All of the company’s managers took part in an overnight course at the Ritz-Carlton hotel in Osaka, which had been ranked number one for customer satisfaction in the prestigious Nikkei Business Survey for six consecutive years.
They learned and practiced the intricacies of the Japanese tea ceremony. They received classes from the likes of Ogasawara Ryu Reihou, a 600 year old school of etiquette which specialises in “beautifying daily behaviour,” using teachings passed through the family with little change since the 1300s.

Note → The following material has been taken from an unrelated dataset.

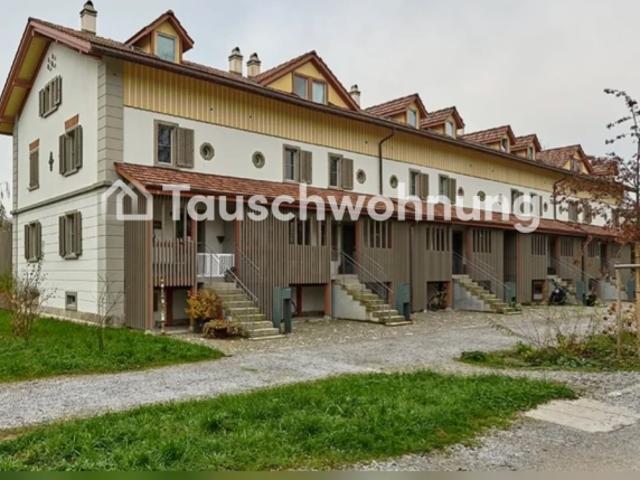 Dübendorf 4 Zimmer Reihenhaus, 100 m², 2790 ?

Among the new Lexus rules of etiquette – as well as serving tea (and coffee) in the most traditional way possible – is the so called “warriors waiting position”. This, the act of leaning between five and ten degrees forward when a customer is looking at a car, is not the only Samurai inspired detail.
Apparently, a salesman will point with five fingers to the handle of a car before opening it, with both hands, right before left, sliding the handle gracefully in the way a screen door would have been opened in the 13th century. Even the closed mouth smile, known in some marketing circles as the “Lexus face”, is part of the regimented routine of what a 2007 Wall Street Journal piece called ‘The Samurai Sell’.
Omotenashi is here to stay, so hopefully we can all look on those serving us with a new found respect, having somewhat demystified quite the level of training they have gone through to hone their craft.